• Exercise requirements:
Treat the line with "contador-polartec-kometa-2018-4" as the starting point. Write it out and every line after it through the end of the listing below, exactly.

• Provided records:
'''

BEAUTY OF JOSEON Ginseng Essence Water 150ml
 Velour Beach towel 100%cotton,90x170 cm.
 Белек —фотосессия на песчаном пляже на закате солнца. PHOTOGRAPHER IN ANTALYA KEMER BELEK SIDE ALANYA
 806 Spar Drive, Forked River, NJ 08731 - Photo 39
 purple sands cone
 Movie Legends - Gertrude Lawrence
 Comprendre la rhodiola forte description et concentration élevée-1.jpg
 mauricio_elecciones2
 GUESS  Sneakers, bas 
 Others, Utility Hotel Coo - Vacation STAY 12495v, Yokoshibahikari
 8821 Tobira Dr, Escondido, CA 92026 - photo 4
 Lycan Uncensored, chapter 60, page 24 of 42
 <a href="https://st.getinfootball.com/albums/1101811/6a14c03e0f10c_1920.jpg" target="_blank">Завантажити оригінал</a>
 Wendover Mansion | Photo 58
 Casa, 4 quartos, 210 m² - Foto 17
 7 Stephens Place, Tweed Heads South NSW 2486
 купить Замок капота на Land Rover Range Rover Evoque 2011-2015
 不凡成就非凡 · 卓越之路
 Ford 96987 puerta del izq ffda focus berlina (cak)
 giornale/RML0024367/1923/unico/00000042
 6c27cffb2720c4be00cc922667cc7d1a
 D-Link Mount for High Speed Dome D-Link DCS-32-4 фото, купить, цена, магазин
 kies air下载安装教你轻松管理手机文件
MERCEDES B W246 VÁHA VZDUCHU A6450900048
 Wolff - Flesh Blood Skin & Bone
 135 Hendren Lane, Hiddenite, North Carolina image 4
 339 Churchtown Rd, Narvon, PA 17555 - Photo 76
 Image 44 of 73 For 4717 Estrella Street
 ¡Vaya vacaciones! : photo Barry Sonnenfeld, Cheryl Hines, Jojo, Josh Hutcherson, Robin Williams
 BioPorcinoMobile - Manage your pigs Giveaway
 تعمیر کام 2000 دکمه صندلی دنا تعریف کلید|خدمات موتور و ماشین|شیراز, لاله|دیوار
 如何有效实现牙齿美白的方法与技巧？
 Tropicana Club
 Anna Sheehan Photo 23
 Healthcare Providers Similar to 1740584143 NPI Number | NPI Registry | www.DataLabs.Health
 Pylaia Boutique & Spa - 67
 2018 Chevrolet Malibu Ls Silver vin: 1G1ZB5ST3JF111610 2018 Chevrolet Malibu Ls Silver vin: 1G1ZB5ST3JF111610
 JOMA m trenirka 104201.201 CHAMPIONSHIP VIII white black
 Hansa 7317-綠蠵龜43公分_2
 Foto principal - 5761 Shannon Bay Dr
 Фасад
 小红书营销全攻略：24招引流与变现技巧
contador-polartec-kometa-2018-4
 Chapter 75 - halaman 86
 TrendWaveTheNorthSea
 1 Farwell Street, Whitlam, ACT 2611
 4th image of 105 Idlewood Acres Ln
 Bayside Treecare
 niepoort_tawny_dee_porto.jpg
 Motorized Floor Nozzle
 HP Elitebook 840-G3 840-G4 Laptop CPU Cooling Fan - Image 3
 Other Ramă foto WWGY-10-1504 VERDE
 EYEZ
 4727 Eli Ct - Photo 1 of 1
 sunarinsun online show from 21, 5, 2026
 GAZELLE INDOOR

'''

• Output:
contador-polartec-kometa-2018-4
 Chapter 75 - halaman 86
 TrendWaveTheNorthSea
 1 Farwell Street, Whitlam, ACT 2611
 4th image of 105 Idlewood Acres Ln
 Bayside Treecare
 niepoort_tawny_dee_porto.jpg
 Motorized Floor Nozzle
 HP Elitebook 840-G3 840-G4 Laptop CPU Cooling Fan - Image 3
 Other Ramă foto WWGY-10-1504 VERDE
 EYEZ
 4727 Eli Ct - Photo 1 of 1
 sunarinsun online show from 21, 5, 2026
 GAZELLE INDOOR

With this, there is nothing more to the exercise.